I'm not a sec expert, but I'd say it might be worth getting advice on whether a notice should be posted prior to a fix. In my view, software sec advisories are always accompanied by an actual fix.
In this case, if it is possible to strip entities by default, then a lot of issues are fixed in one go (maybe a CLI option --allow-entities could be added, in case someone uses these?). I should think it is a trivial fix, but then I'm not a C++ programmer :)

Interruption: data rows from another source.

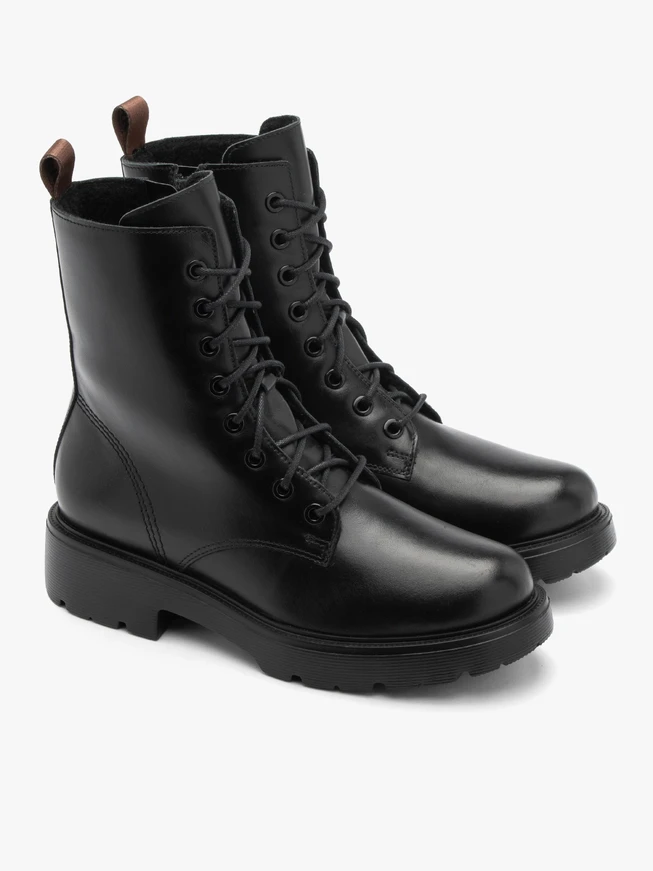 Klassische schwarze Stiefel auf leichter Basis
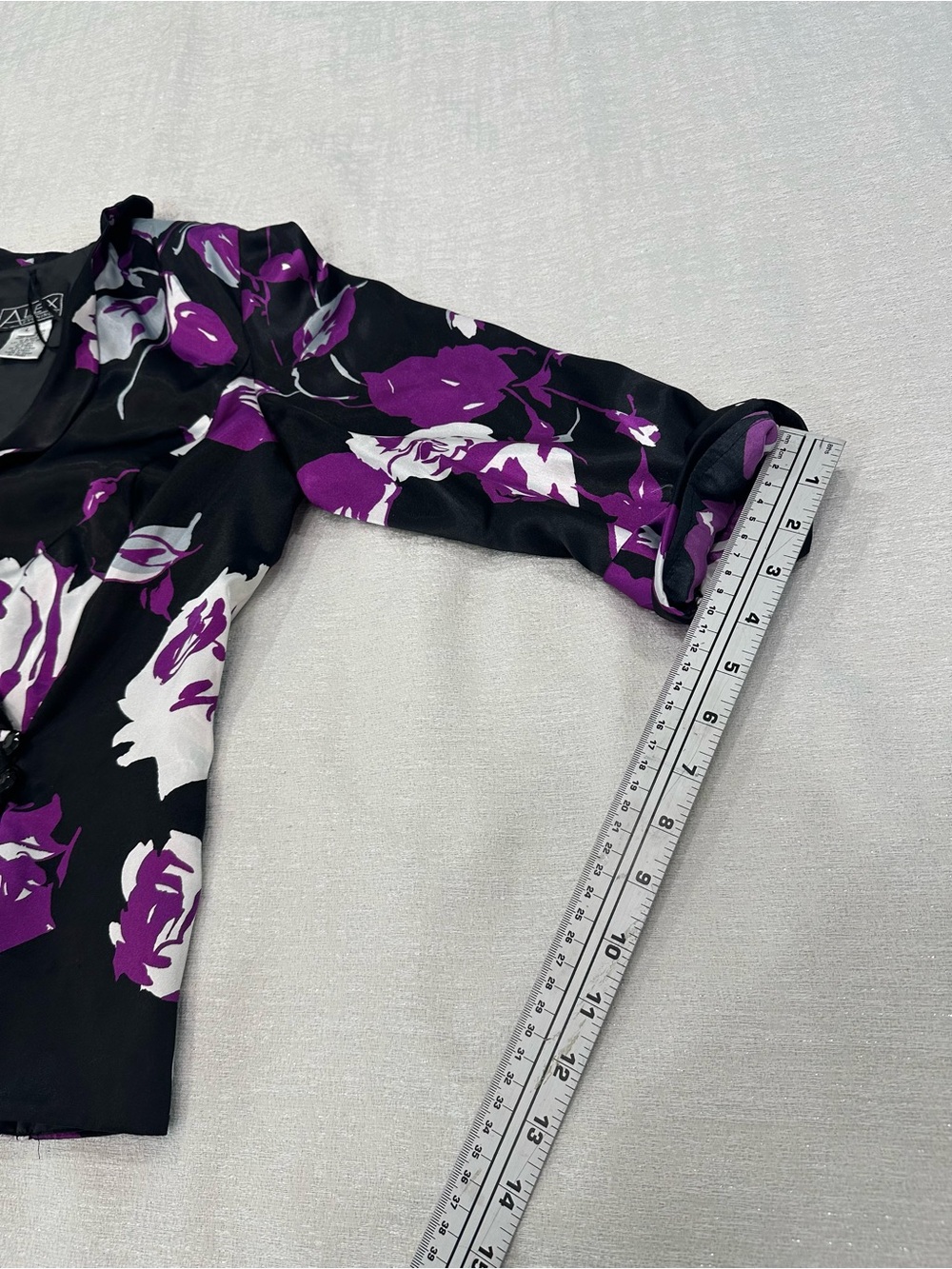 Alex Evenings Floral Satin Faux-Wrap Blouse Jacket Portrait Collar Purple Black - Picture 11 of 15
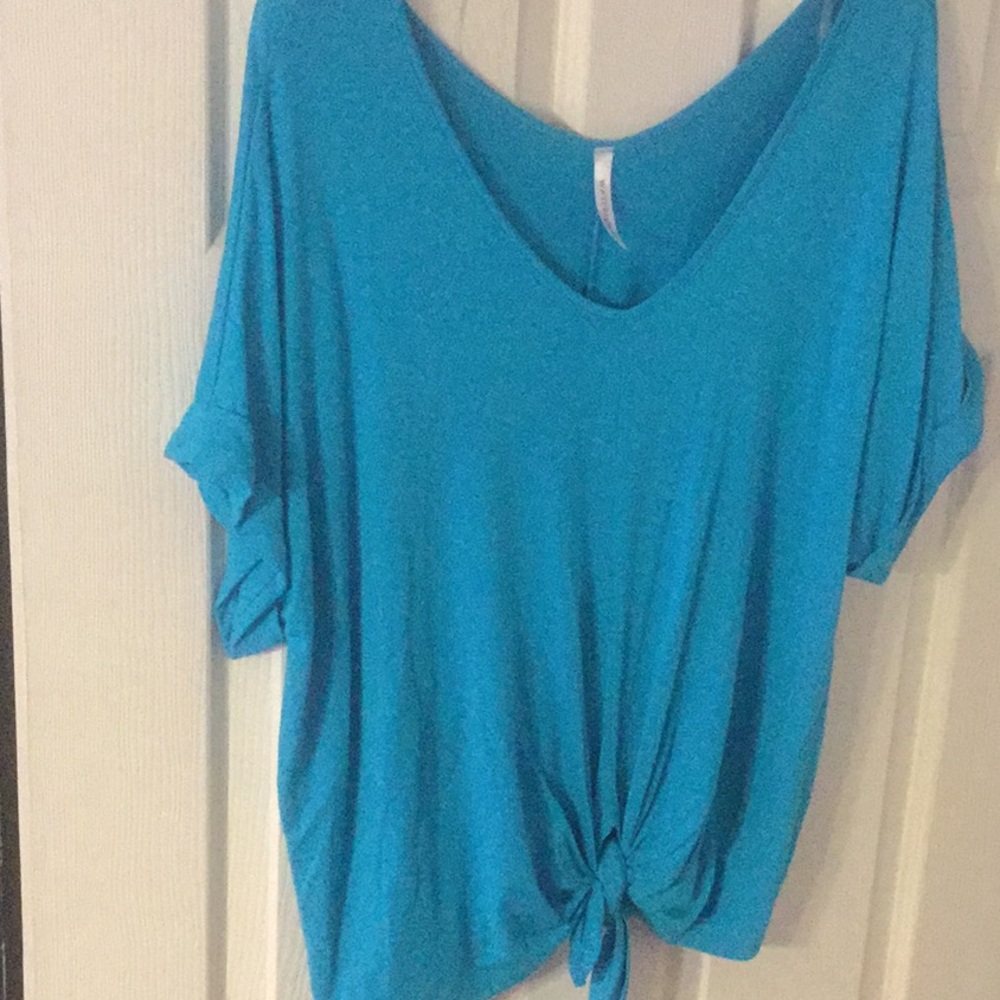 Blue Cuffed Short Sleeve Bottom Tie Top - Picture 4 of 6
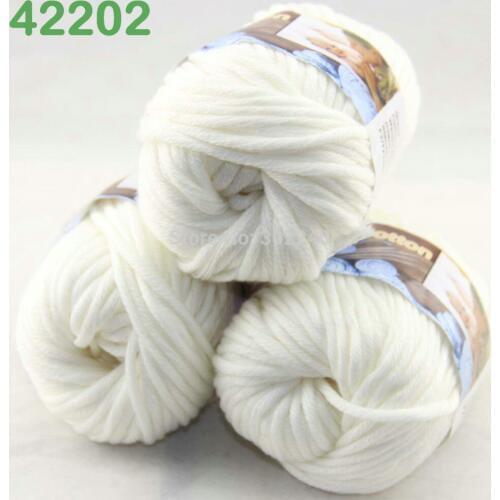 LOT of 3 Balls X 50g Special Thick Worsted Cotton Knitting Yarn off White 2202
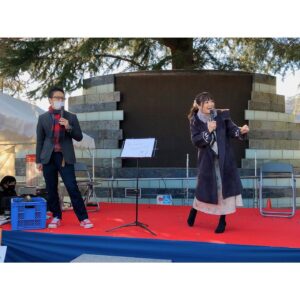 Tomomi Kuno Instagram - 🚃✨✨

2021.11.28.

Aside from the remote notification and arbitrary file stealing vulns, I should think XML bombs would be possible too (http://
Best,
Jon
----- Message from <email address hidden> ---------
Date: Thu, 05 Apr 2012 20:00:16 -0500
From: Ted Gould <email address hidden>
Subject: Re: Security issue in Inkscape XML parsing
To: Jon Hinks
Hey Jon,
Thanks for the info, trying to figure out if we need to do a security
notice for this or anything like that before fixing it. I've not done a
security update before.
Thanks again,
Ted
On Sun, 2012-03-18 at 13:22 +0000, Jon Hinks wrote:
Hi Ted
I found your contact details via the Inkscape launchpad.net, and would
like to report a security issue that I think deserves some attention.
Would you forward this to the developers outside your mailing lists?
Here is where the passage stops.